▶ **ASSIGNED TASK**
Output exactly the first line of the listing and each line after it, through the line that contains "Rideau de douche"; add nothing else.

▶ **GIVEN DATA**
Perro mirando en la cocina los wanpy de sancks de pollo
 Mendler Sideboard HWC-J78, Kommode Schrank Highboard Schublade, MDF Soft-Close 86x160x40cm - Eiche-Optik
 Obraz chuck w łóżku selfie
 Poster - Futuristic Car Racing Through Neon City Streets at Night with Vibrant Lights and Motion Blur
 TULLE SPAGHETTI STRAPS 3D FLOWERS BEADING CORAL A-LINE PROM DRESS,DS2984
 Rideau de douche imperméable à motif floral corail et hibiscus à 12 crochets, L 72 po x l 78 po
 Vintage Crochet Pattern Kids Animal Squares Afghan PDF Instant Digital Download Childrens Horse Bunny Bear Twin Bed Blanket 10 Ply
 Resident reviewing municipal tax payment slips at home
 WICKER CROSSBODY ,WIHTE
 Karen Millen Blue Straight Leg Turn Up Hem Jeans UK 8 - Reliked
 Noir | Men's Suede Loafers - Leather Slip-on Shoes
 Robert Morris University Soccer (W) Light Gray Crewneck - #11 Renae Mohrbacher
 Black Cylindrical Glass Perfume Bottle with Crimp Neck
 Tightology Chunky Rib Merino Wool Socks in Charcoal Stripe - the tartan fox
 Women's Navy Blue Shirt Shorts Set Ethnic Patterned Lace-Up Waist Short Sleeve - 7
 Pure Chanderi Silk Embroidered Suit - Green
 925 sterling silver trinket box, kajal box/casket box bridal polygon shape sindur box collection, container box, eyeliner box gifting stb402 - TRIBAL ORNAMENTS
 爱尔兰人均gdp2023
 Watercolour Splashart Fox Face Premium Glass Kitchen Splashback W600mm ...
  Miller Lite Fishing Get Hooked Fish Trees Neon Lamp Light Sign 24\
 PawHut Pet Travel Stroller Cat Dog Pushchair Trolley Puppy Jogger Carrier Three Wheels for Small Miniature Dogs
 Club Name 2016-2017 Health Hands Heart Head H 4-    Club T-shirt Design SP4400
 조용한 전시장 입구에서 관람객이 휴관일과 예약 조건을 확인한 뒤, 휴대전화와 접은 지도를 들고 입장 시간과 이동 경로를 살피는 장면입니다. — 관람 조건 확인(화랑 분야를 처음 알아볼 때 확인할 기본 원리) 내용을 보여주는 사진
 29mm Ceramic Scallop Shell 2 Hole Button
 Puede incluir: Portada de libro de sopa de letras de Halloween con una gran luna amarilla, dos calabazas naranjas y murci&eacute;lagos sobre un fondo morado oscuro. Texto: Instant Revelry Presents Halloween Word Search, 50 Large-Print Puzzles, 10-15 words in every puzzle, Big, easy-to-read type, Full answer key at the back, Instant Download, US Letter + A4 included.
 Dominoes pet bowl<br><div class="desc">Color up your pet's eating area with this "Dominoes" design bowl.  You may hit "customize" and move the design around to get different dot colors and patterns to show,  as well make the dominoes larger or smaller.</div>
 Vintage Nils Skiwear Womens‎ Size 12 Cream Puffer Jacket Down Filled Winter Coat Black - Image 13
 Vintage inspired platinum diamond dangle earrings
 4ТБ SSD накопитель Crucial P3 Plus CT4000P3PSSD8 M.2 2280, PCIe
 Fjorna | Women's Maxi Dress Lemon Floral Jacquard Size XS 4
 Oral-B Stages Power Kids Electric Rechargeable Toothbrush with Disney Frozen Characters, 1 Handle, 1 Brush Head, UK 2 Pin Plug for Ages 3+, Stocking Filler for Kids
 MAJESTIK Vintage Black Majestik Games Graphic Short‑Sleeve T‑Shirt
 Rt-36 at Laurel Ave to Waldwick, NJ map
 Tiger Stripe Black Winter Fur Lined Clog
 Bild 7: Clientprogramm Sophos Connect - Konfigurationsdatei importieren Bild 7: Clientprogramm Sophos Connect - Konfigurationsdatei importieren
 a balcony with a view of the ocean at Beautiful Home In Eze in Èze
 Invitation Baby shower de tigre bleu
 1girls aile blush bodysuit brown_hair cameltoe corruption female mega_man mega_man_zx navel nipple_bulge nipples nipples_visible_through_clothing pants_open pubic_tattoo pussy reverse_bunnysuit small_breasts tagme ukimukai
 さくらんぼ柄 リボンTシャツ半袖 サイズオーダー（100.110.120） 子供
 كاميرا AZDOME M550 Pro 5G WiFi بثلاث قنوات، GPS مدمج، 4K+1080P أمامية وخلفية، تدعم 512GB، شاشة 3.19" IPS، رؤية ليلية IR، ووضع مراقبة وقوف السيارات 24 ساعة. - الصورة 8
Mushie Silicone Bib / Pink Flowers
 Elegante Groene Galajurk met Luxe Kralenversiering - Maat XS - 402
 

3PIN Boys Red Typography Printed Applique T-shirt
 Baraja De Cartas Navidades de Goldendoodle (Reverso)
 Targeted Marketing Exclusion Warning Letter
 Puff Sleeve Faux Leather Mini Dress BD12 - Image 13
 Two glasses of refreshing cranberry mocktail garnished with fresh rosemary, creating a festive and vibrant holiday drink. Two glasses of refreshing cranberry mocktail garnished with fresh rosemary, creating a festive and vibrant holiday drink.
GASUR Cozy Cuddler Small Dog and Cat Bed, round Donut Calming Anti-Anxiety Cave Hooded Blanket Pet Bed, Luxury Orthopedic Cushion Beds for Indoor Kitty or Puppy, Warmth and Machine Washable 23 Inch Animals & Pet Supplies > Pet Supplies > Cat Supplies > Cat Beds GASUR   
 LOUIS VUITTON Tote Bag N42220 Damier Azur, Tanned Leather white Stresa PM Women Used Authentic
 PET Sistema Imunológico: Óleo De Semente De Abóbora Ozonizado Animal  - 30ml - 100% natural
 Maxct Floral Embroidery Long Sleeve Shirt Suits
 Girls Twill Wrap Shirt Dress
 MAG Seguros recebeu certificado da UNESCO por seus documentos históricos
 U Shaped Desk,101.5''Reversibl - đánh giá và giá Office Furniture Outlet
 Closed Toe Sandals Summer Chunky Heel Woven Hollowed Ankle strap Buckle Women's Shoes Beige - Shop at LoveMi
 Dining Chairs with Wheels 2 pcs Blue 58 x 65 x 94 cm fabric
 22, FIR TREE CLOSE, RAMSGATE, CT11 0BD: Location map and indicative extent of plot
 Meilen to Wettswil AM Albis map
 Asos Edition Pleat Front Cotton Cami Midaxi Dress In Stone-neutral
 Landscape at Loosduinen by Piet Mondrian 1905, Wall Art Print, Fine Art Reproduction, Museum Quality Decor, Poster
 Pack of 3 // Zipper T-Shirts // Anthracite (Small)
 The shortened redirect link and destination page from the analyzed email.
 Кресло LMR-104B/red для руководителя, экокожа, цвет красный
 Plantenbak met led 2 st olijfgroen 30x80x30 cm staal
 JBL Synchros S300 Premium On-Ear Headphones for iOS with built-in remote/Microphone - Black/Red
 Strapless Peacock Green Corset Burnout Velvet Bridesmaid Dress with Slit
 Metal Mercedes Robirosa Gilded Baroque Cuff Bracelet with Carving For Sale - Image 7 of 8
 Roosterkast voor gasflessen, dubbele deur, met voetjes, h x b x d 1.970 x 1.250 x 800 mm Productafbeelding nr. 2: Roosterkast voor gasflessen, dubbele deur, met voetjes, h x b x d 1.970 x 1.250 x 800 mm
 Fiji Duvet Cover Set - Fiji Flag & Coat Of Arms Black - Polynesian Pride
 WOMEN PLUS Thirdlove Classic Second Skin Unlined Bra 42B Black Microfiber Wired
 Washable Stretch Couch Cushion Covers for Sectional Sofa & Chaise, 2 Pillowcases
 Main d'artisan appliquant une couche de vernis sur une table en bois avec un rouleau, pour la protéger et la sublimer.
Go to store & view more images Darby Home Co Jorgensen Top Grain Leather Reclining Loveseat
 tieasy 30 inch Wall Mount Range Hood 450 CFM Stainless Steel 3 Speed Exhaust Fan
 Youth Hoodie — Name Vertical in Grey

▶ **TASK SOLUTION**
Perro mirando en la cocina los wanpy de sancks de pollo
 Mendler Sideboard HWC-J78, Kommode Schrank Highboard Schublade, MDF Soft-Close 86x160x40cm - Eiche-Optik
 Obraz chuck w łóżku selfie
 Poster - Futuristic Car Racing Through Neon City Streets at Night with Vibrant Lights and Motion Blur
 TULLE SPAGHETTI STRAPS 3D FLOWERS BEADING CORAL A-LINE PROM DRESS,DS2984
 Rideau de douche imperméable à motif floral corail et hibiscus à 12 crochets, L 72 po x l 78 po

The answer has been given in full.